La critique du résistancialisme venait d’abord de ceux qui n’y avait pas
participé, et donc aussi des anciens pétainistes qui aimaient bien cette idée
selon laquelle la quasi-totalité de la population française était un ramassis
de collaborateurs, ces idées ont été largement le fonds de commerce de Michel
Audiard dont le flirt avec la collaboration et l’antisémitisme ne font aucun
doute[2].
L’autre idée majeure était de faire croire que l’épuration avait été sauvage et
désordonnée, souvent menée par des résistants de la 25ème heure. On
a fait même semblant de rire aux facéties d’Arletty qui, accusée de
collaboration horizontale avec un officier de l’armée d’occupation s’en était
tirée en avançant : « Mon cœur est français, mais mon cul est
international »[3],
c’était une très grande amie de l’effroyable Céline dont elle ne pouvait
ignorer le profond antisémitisme et les orientations nazies. Elle ne fut même
pas tondue. L’historienne Annie Lacroix-Riz dans un ouvrage récent, passionnant
et très documenté, a montré pourtant que l’épuration avait été pour des raisons
confuses et multiples assez peu large, les mêmes juges qui condamnaient au nom
de l’application de la loi les Résistants, se retrouvèrent en effet à juger des
collaborateurs. Son livre s’intitule La non-épuration en France : de
1943 aux années1950[4].
Si certains personnages emblématiques furent fusillés, beaucoup échappèrent. La
carrière de crapule de Maurice Papon qui pourtant organisa la déportation des
Juifs du Sud-Ouest est un exemple des plus parlants. Mais on pourrait en citer
d’autres. Par exemple Céline qui après avoir suivi le chemin de Sigmaringen, la
merde au cul, bénéficia d’une mansuétude d’un tribunal militaire qui le
blanchit. Beaucoup de ceux qui ont échappé à l’épuration ont bénéficié de ce
qu’on est bien obligé de regarder comme une solidarité de classe.

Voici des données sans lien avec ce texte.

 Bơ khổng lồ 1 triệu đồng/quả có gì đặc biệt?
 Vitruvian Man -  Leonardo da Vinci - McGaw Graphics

D’autres idées aussi lugubres et fausses ont tenté de faire
croire que les communistes avaient été des collaborateurs, attendant l’attaque
de la Russie pour entrer en résistance. Alain Guérin a lui aussi a fait litière
de cette fable[5]. Même si
ce fut dans un grand désordre, parce que les communistes étaient pourchassés
bien avant l’arrivé de Pétain au pouvoir, ils commencèrent ç s’organiser
dès le mois de juin 1940.
Comme on le comprend ce dénigrement lâche et pitoyable de la Résistance a d’abord des raisons politiques. La Résistance est déjà prévue de longue date puisque dès 1932, la Banque de France met en place un plan d’évacuation de son stock d’or, afin qu’il ne tombe pas dans les mains des nazis. En mai 1940 ce plan est mis effectivement en place. Cela gênera considérablement les nazis puisqu’ils seront régulièrement à cours de liquidité pour financer leur expansion, et ce qui les amènera d’ailleurs à accélérer le pillage de l’Europe[6].
Mais ce rappel n’est pas le but du livre de Vittori, c’est
juste histoire de faire comprendre le contexte. Une histoire d’honneur, est
une galerie de portraits de résistants. Le but est de montrer que ces hommes et
ces femmes qui se sont engagés au péril de leur vie venaient d’horizons
différents. Ce qui à mon sens est déjà le reflet d’un large soutien de la
population française au mouvement de la Résistance. Evidemment il n’était pas
toujours facile de résister concrètement. L’Occupation allemande a duré quatre
ans. Et après la défaite de juin 40, il fallait s’organiser, ce qui prend du
temps, trouver des camarades sûrs, définir des cibles. Les mouvements de
résistance étaient divers, les uns faisaient du sabotage, d’autres de la
propagande, du renseignement et certains se préparaient à la lutte armée.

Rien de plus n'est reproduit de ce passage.